WORK ITEM: All lines from the one containing "NP264LA, HUBBEL, NYLON, 4" to the end of the listing below should be output exactly; omit the pictures.
(SOURCE DATA)
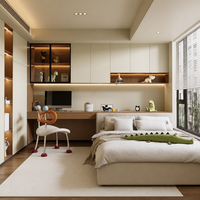 Armoire de chambre moderne et simple en bois massif, intégrée au bureau, avec éclairage LED, pour chambre d'enfant, maison, famille, hôtel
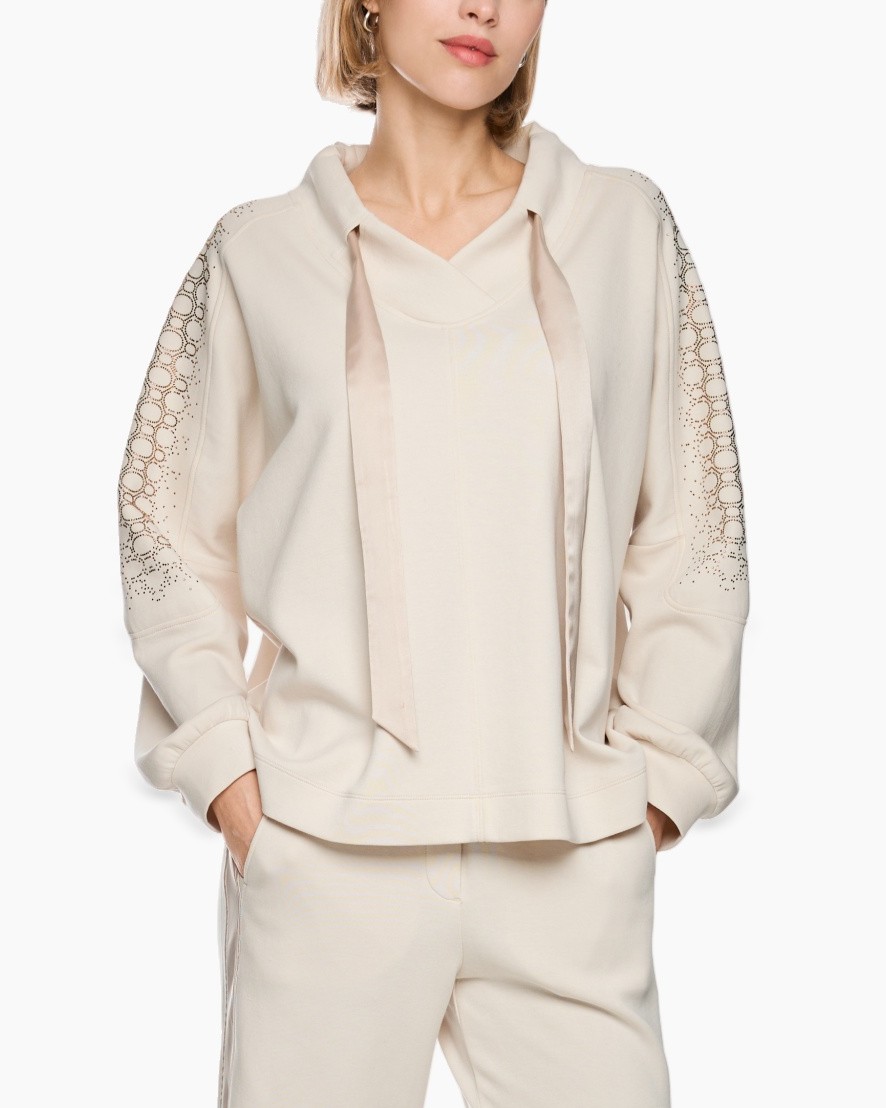 beige hoodie, mouwen met kant, trekkoord capuchon, lange mouwen, zachte stof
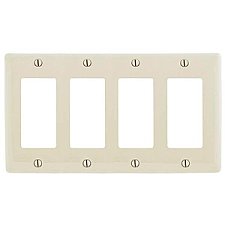 NP264LA, HUBBEL, NYLON, 4 GANG, WALL, PLATE, LIGHT, ALMOND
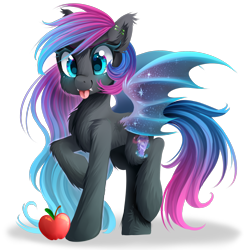 Size: 1900x1900 | Tagged: safe, artist:meotashie, derpibooru import, oc, oc only, bat pony, pony, apple, bat pony oc, female, food, simple background, solo, tongue, tongue out, transparent background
(End SOURCE DATA)
TASK ANSWER:
 NP264LA, HUBBEL, NYLON, 4 GANG, WALL, PLATE, LIGHT, ALMOND
 Size: 1900x1900 | Tagged: safe, artist:meotashie, derpibooru import, oc, oc only, bat pony, pony, apple, bat pony oc, female, food, simple background, solo, tongue, tongue out, transparent background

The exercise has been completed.